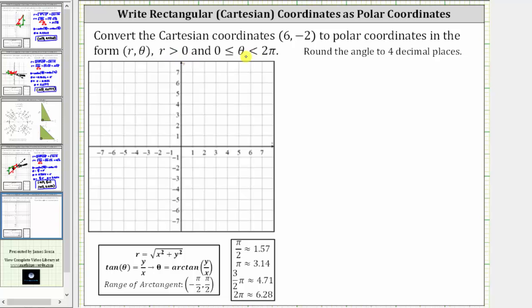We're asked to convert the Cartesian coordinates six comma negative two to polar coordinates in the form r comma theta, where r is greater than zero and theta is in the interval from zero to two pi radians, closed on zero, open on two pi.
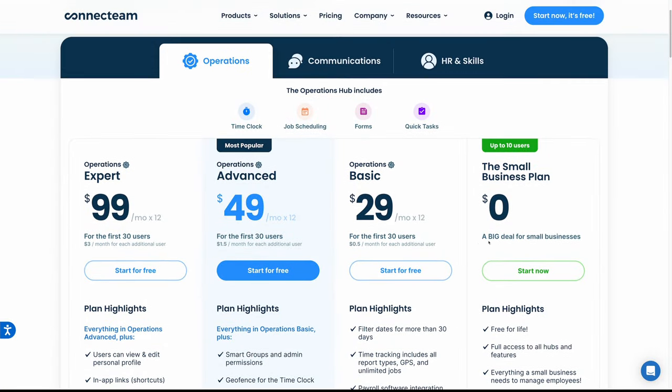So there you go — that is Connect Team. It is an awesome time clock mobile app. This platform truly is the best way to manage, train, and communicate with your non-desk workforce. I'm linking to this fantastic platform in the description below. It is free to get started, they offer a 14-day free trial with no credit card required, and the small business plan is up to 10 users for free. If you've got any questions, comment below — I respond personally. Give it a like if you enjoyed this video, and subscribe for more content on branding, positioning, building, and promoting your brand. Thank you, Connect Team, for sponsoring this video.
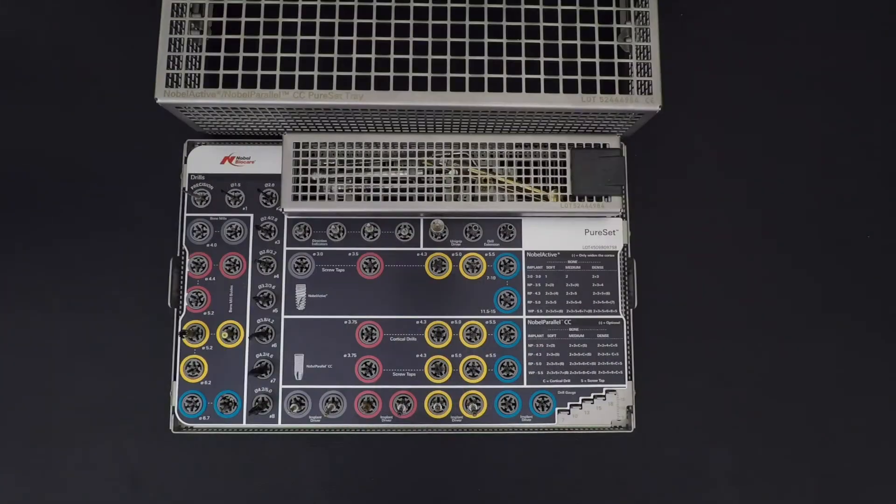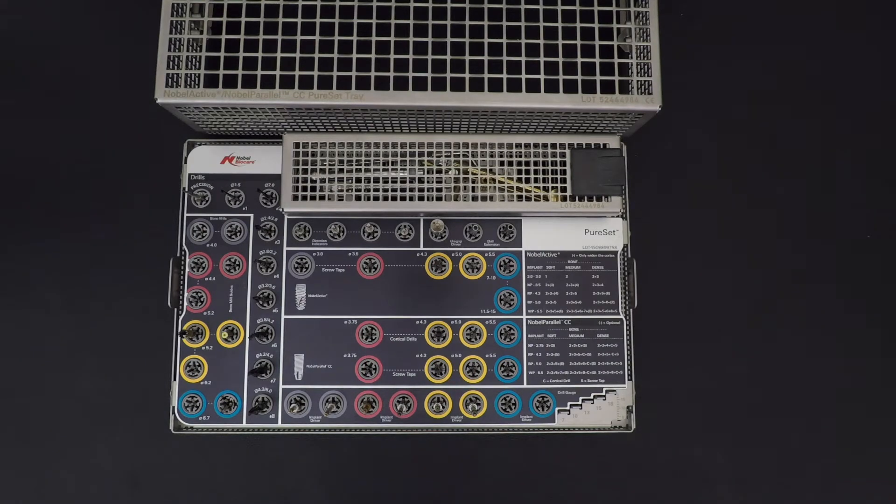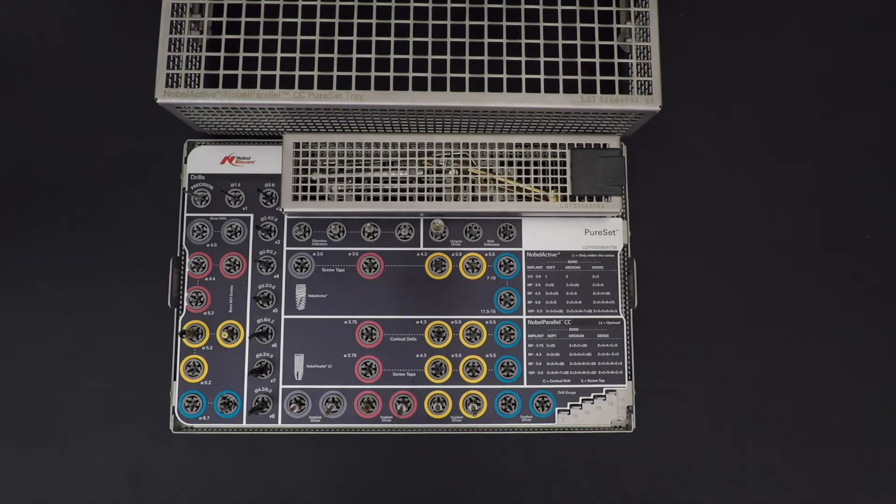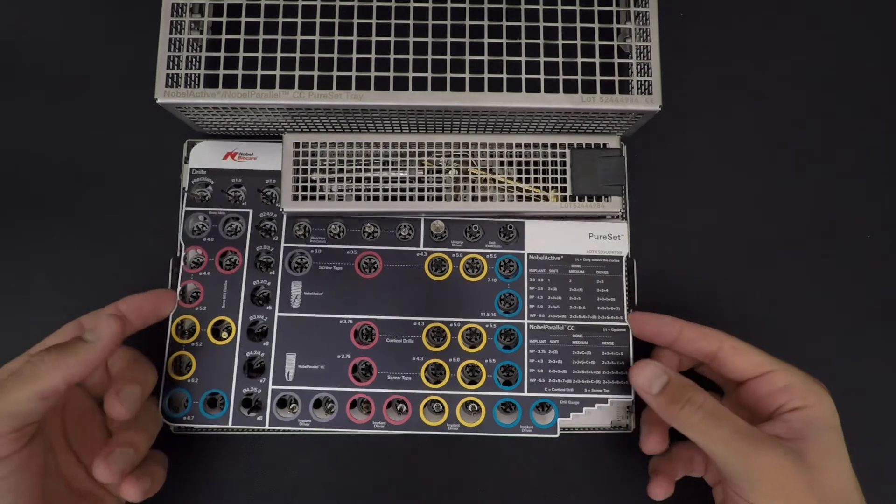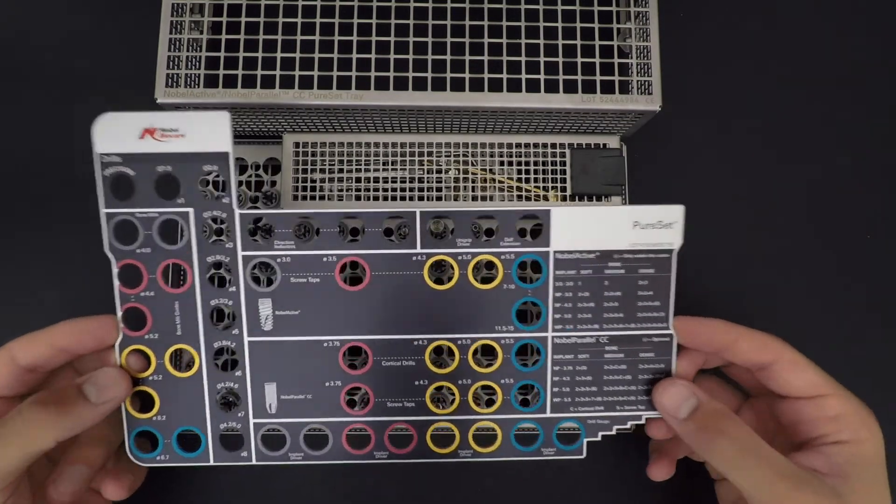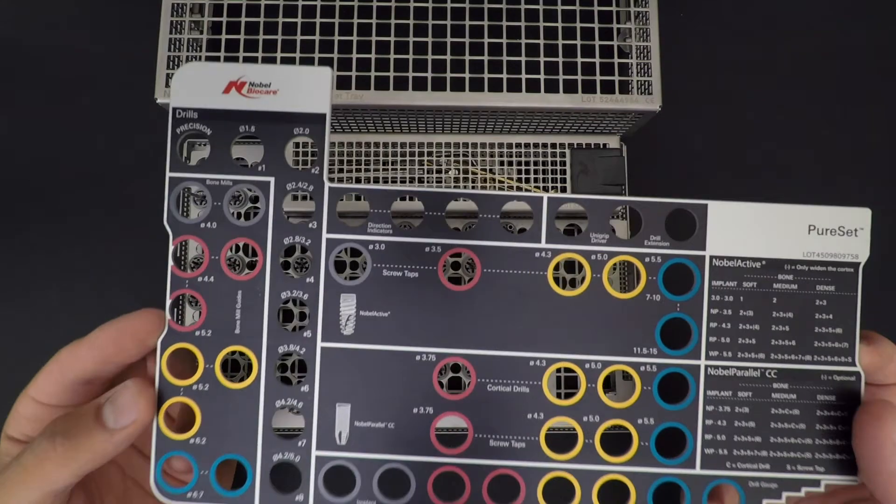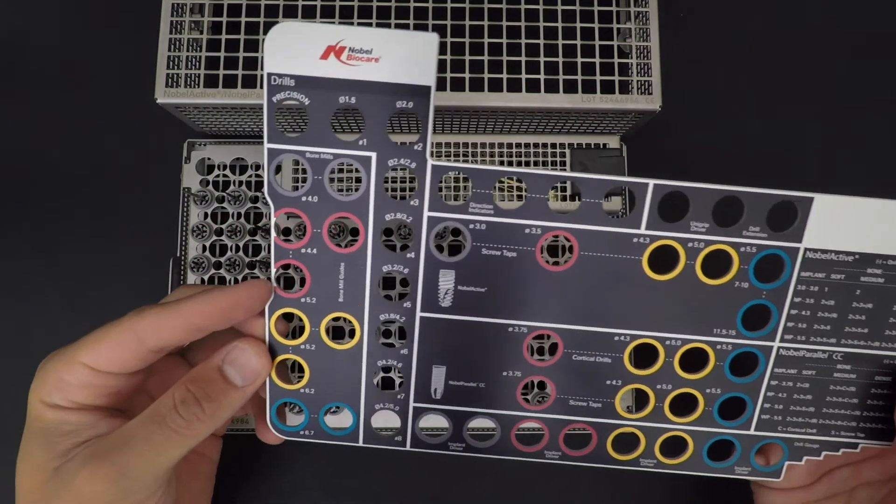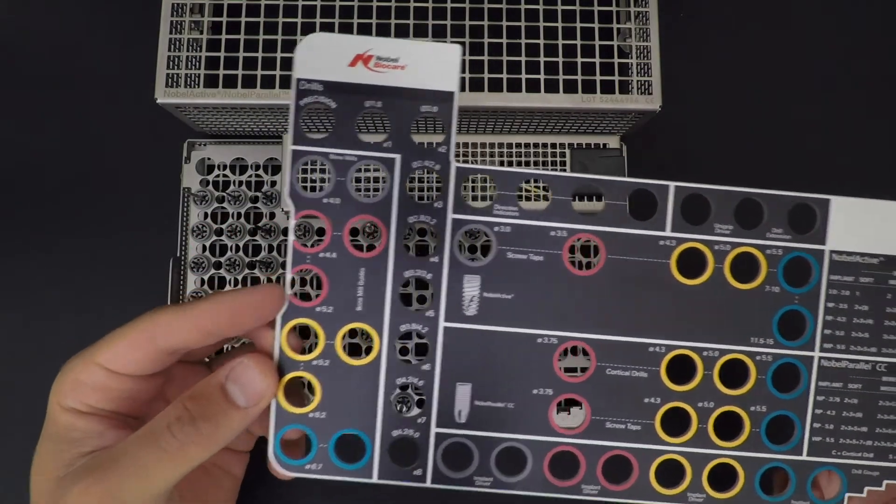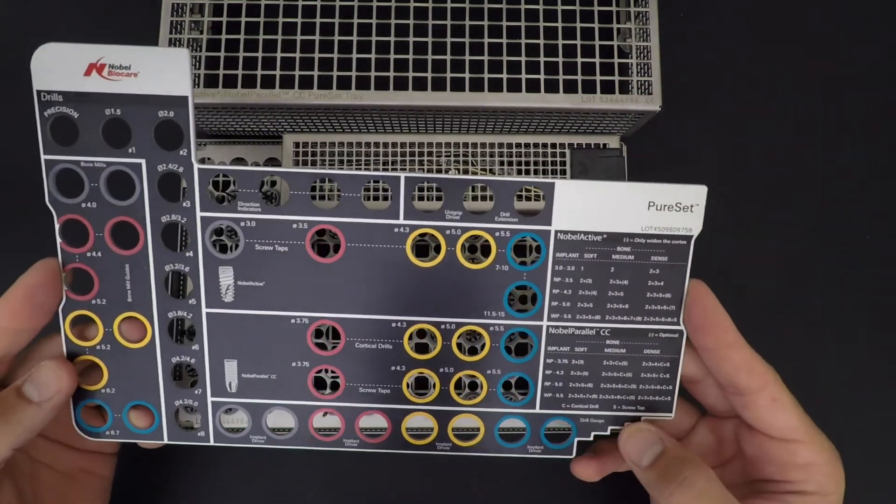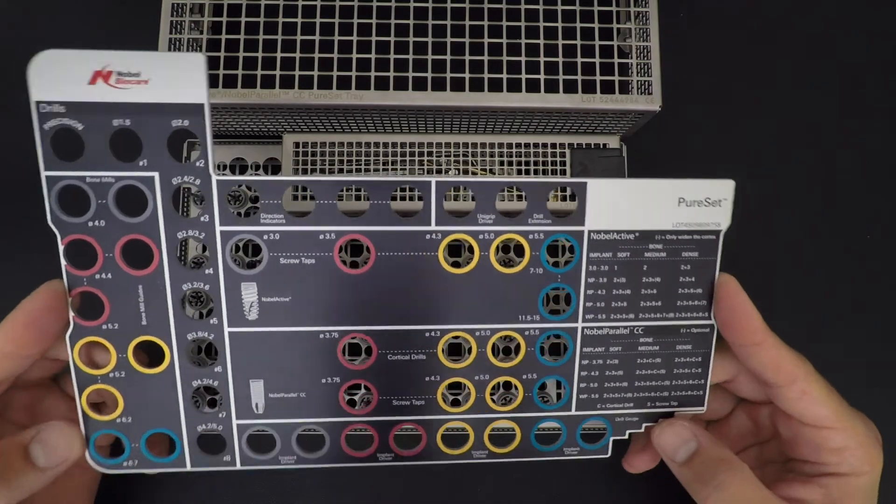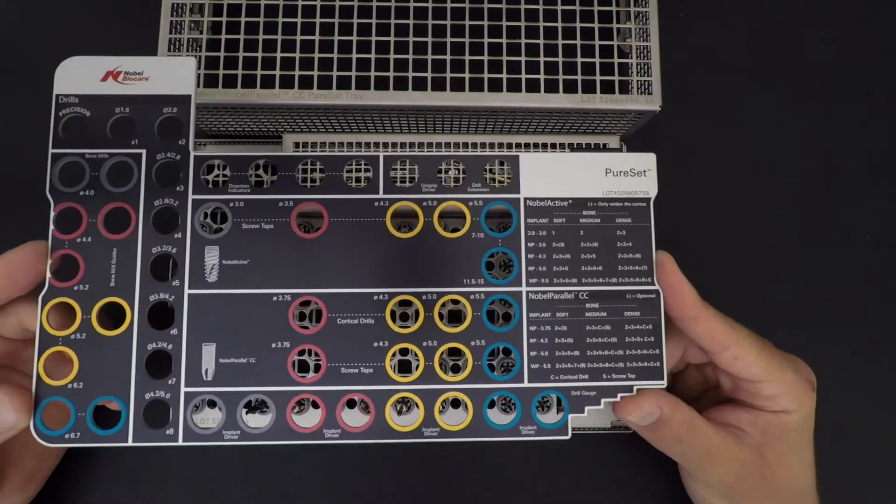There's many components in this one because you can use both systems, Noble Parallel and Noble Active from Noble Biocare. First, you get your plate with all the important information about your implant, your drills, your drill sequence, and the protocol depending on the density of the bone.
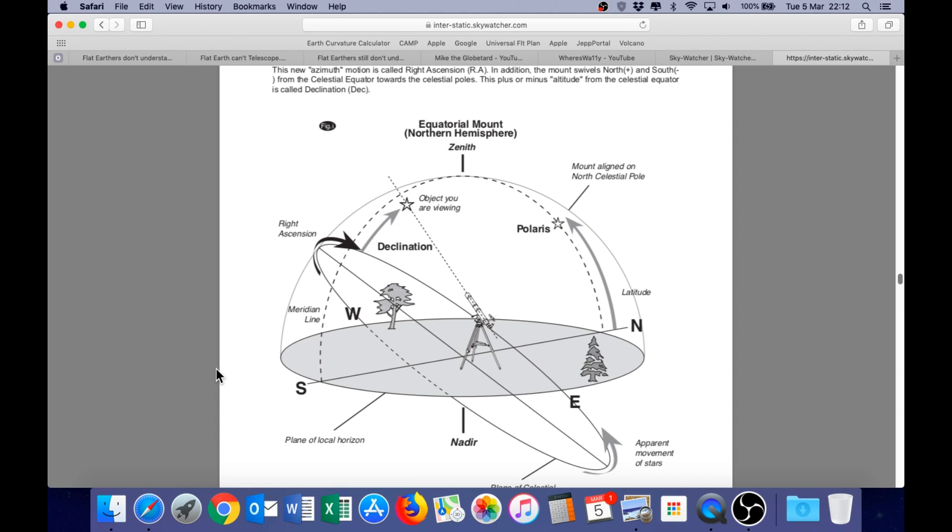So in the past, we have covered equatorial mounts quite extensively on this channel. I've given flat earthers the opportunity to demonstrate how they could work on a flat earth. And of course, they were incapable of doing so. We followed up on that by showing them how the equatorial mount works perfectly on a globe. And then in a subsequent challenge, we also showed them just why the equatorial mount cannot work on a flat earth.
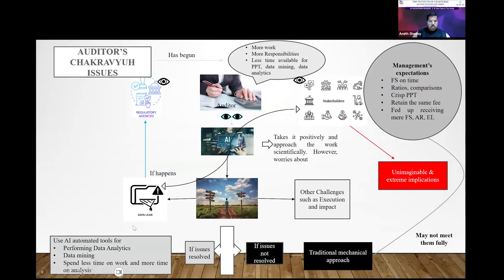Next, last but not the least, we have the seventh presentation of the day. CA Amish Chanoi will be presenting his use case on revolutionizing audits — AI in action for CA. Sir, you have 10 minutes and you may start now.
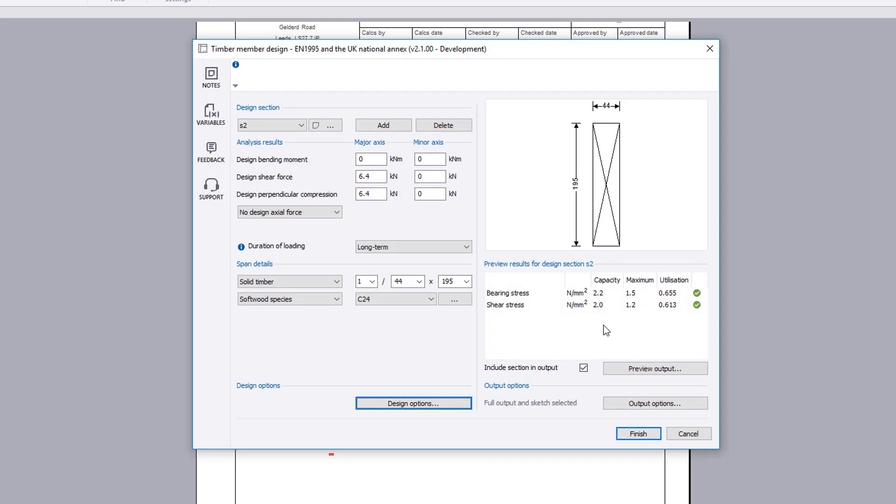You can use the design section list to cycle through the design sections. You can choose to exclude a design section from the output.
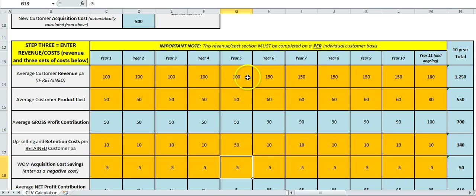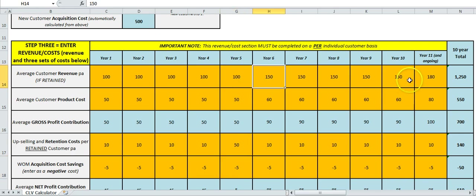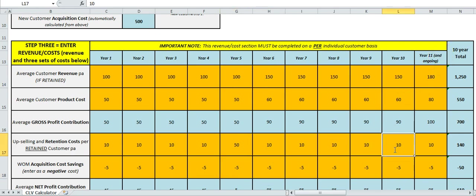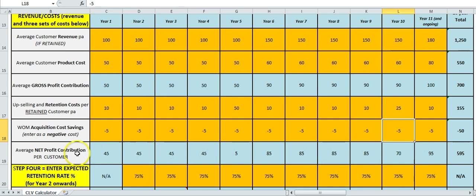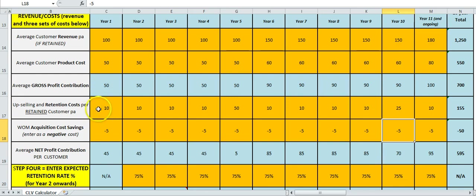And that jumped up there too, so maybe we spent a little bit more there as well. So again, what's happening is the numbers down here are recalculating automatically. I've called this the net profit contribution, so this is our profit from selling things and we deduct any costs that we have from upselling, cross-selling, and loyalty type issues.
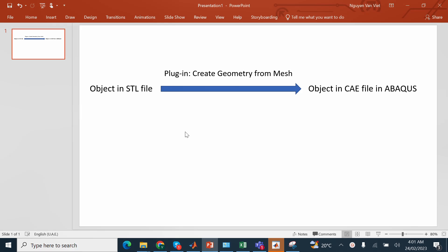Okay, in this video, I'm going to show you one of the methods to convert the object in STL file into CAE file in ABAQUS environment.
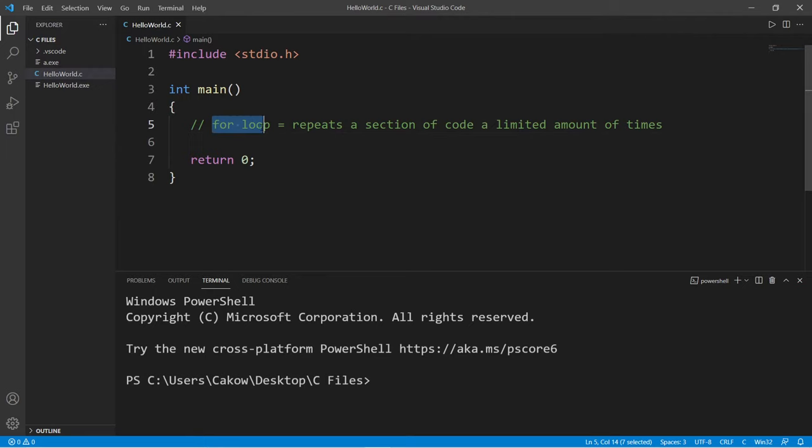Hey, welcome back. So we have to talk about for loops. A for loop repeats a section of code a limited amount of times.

-- Task to carry out --
Pictures stay out; the records above are otherwise reproduced exactly.

-- Solved exercise --
We're asked to convert the Cartesian coordinates six comma negative two to polar coordinates in the form r comma theta, where r is greater than zero and theta is in the interval from zero to two pi radians, closed on zero, open on two pi.
So there you go — that is Connect Team. It is an awesome time clock mobile app. This platform truly is the best way to manage, train, and communicate with your non-desk workforce. I'm linking to this fantastic platform in the description below. It is free to get started, they offer a 14-day free trial with no credit card required, and the small business plan is up to 10 users for free. If you've got any questions, comment below — I respond personally. Give it a like if you enjoyed this video, and subscribe for more content on branding, positioning, building, and promoting your brand. Thank you, Connect Team, for sponsoring this video.
There's many components in this one because you can use both systems, Noble Parallel and Noble Active from Noble Biocare. First, you get your plate with all the important information about your implant, your drills, your drill sequence, and the protocol depending on the density of the bone.
So in the past, we have covered equatorial mounts quite extensively on this channel. I've given flat earthers the opportunity to demonstrate how they could work on a flat earth. And of course, they were incapable of doing so. We followed up on that by showing them how the equatorial mount works perfectly on a globe. And then in a subsequent challenge, we also showed them just why the equatorial mount cannot work on a flat earth.
Next, last but not the least, we have the seventh presentation of the day. CA Amish Chanoi will be presenting his use case on revolutionizing audits — AI in action for CA. Sir, you have 10 minutes and you may start now.
You can use the design section list to cycle through the design sections. You can choose to exclude a design section from the output.
And that jumped up there too, so maybe we spent a little bit more there as well. So again, what's happening is the numbers down here are recalculating automatically. I've called this the net profit contribution, so this is our profit from selling things and we deduct any costs that we have from upselling, cross-selling, and loyalty type issues.
Okay, in this video, I'm going to show you one of the methods to convert the object in STL file into CAE file in ABAQUS environment.
Hey, welcome back. So we have to talk about for loops. A for loop repeats a section of code a limited amount of times.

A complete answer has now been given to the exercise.